GREEN BAY, Wis. (WFRV) – While it’s common this time of year, doctors across the state say they are seeing an uptick in the highly contagious Norovirus.

“It’s pretty fast on and pretty fast off,” said Dr. Jeff Pothof with UW Health. “People will usually suddenly have nausea, vomiting, diarrhea, sometimes stomach cramps, and occasionally a low-grade fever.”

Because of how contagious it is it can be problematic, especially for groups like children. An outbreak recently happened at a school in Appleton.

“Typically it’s unclean hands that come in contact with the stool or vomit and then touches surfaces,” Dr. Pothof said. “It’s when someone else touches that surface and then touches their face or mouth and then, in turn, become infected.”

The virus also lives on surfaces for a long time and can survive both warm and cold temperatures, Dr. Pothof added. One of the only ways to kill it is to sanitize the area with something like a disinfectant wipe.

Symptoms usually develop within 12 to 48 hours after being exposed.

“It gets attention because you can have dozens of cases at one time and then it kind of goes away.

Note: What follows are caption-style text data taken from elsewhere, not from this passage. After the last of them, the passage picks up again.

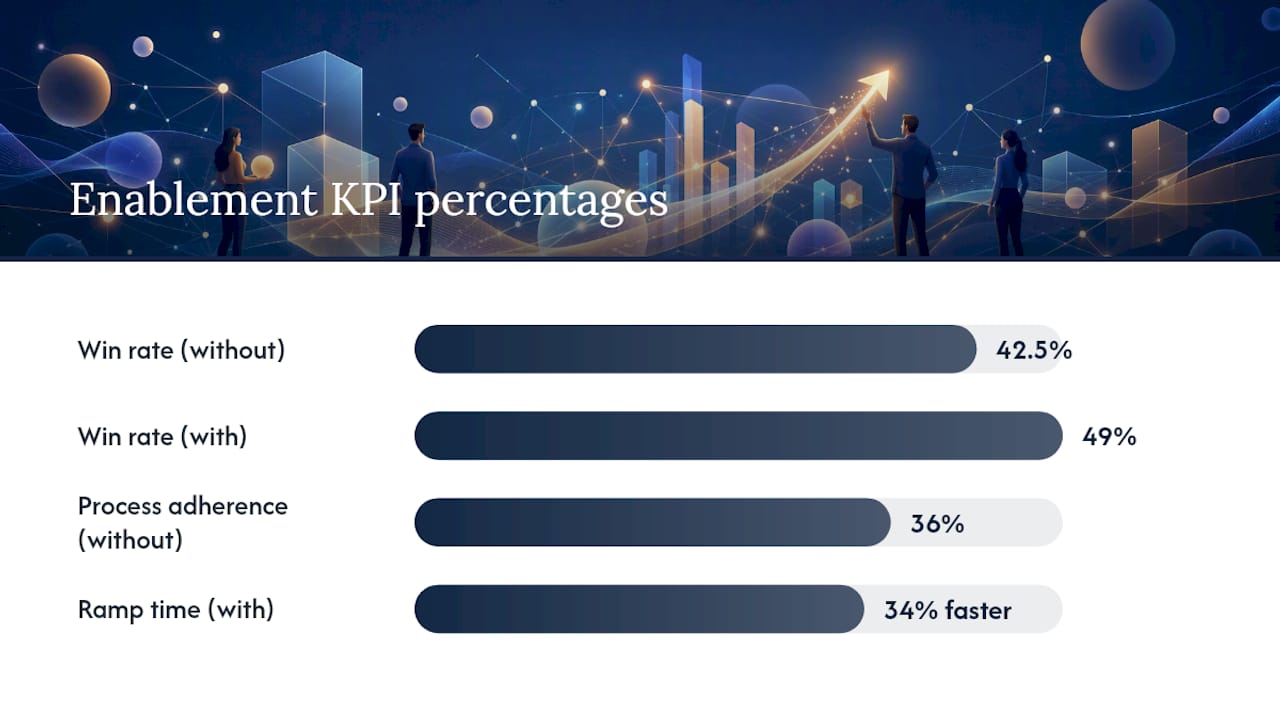 KPI improvements with sales enablement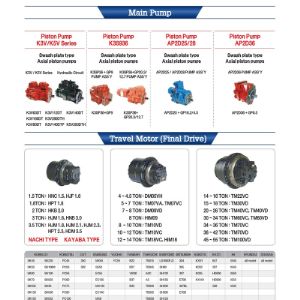 Hydraulic Assembly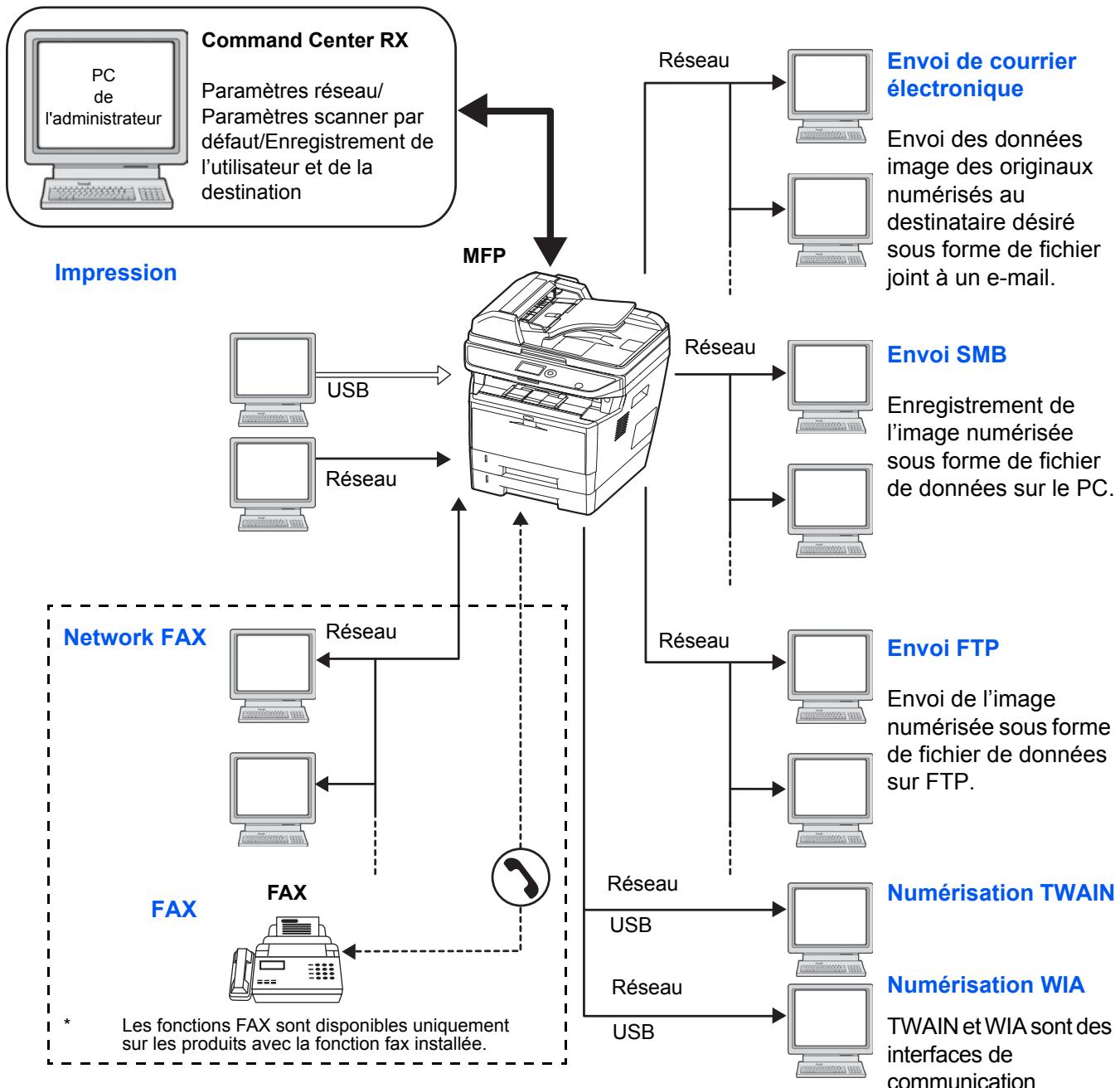 KYOCERA 2030 & ECOSYS M2030DN - Exemple de connexion - 1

We’re still seeing cases just not out the outbreak level,” he said.

Another major concern is dehydration. The Centers for Disease Control and Prevention says symptoms include a dry mouth or throat, along with feeling dizzy when standing up.

“To stay out of the hospital, you want to take small amounts of fluids, like water, but small amounts only and frequently,” Dr. Pothof said.

In children, look for things like crying with few or no tears. They also have a tendency to be overly tired or generally fussy, the CDC said.

There’s not much that doctors can do to treat the virus. Dr. Pothof said it usually runs its course in one to three days.